There were days and nights where I would sleep in my vehicle outside the studios in Washington because I’d be going from one after another–and I continue to do that now–because I saw that the way to attain influence, because I wasn’t such a close protege of Netanyahu, which is a source of most ambassadors’ strength. You think it’s the Plenipotentiary idea: that when you’re talking to the Ambassador, you’re talking to the Prime Minister–the same guy. That was certainly the case of Ron Dermer. It was not my case. So, I had to get influence and achieve influence and access by constantly being in the press, constantly being on TV. And, the Obama Administration was an administration that was very sensitive to the media because it was actually composed of a lot of people from the media. And, it worked. It was a successful policy.
Russ Roberts: You know, people like to say that Israel is not very good at hasbara, which is Hebrew for–I don’t know–I’ll call it communications. You could call it PR [public relations], you could call it propaganda. But that Israel doesn’t make its case. Israelis are gruff. They don’t really care what the rest of the world thinks. And so, they give it short shrift.
And, having lived here now for two and a half years and living through the middle of this, I have a very different perspective. I think Israel desperately wants to be loved by the rest of the world–which is a human, but I don’t think a very helpful emotion. Israelis feel that way. And, hasbara–communications–can only go so far when social media is just relentlessly amplifying lies–on both sides, I’m sure. But, it of course feels like to me that it’s a little one-sided, but I could be wrong. What are your thoughts on that question of whether Israel is doing a good or bad job in making its case in this current moment?
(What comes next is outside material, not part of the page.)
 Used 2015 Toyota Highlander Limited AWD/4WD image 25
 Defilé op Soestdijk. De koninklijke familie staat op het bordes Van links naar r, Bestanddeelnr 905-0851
Michael Oren: As someone who has been representing Israel in one form or another literally for a half a century, that is the most frequently asked question: Why is Israel’s PR so bad? There’s almost never a meeting where that question isn’t asked.
And, there are many answers to it. It’s the old Ben-Gurion adage that it’s not important what the non-Jews think, it’s important what the Jews do. There is a parochialism here, provincialism, in Israel. Even–you look at what our military spokesmen are speaking to the world: They put on TV to speak to the world the same people they put on TV to speak to Israelis. And so, when you speak to Israelis, you want a gruff, tough officer. But, when you speak to the world, you may want a pleasantly-speaking woman officer from a different ethnic background. They don’t do that. They don’t understand they’re talking to different audiences. But, these are very technical things.
So, I must tell you what the conclusion after 50 years–and I bring this conclusion to government meetings–is: we can invest another billion dollars. We can train a generation of spokespeople. Something I tried to do many years at the Shalem Center was to train a generation of what I called the Cadet Program. Recently pitched it to Tel Aviv University as much as two years ago: that we’d have to get young people out of the army who speak different languages and come from different backgrounds. Not much interest. Okay.
But the basic reason our public diplomacy–I would call it–is so bad is because we are the Jewish State. And, as much as we like to think we’re not–that we’re a normal state, we’re just like any other state–we are far from being like any other state. e judged by a completely different set of criteria. Held under that microscope of a power that no other country is examined. And, much of the criticism leveled out of us, if you would look at it closely, echoes classic antisemitic tropes. Whether it be the Massacre of the Innocents from the Book of Matthew, whether it be the blood libel, whether it be deicide. And it just comes up.
Listen: How many times have you read since this war, first of all, that we’ve killed 23,000 Gazans? Which is an inflated number that includes the number of terrorists we’ve killed and the number of Palestinians killed by their own rockets. Okay? But no one says that. And, the source of that statistic is Hamas. How many times have you seen that cited multiple times a day? And then, they’ll always add, ‘Mostly women and children.’ Is that verifiable? or is someone just trying to say that Jews like killing women and children? Now, in the BBC [British Broadcasting Corporation] they’ll simply say, ‘Hey, you guys like killing women and children.’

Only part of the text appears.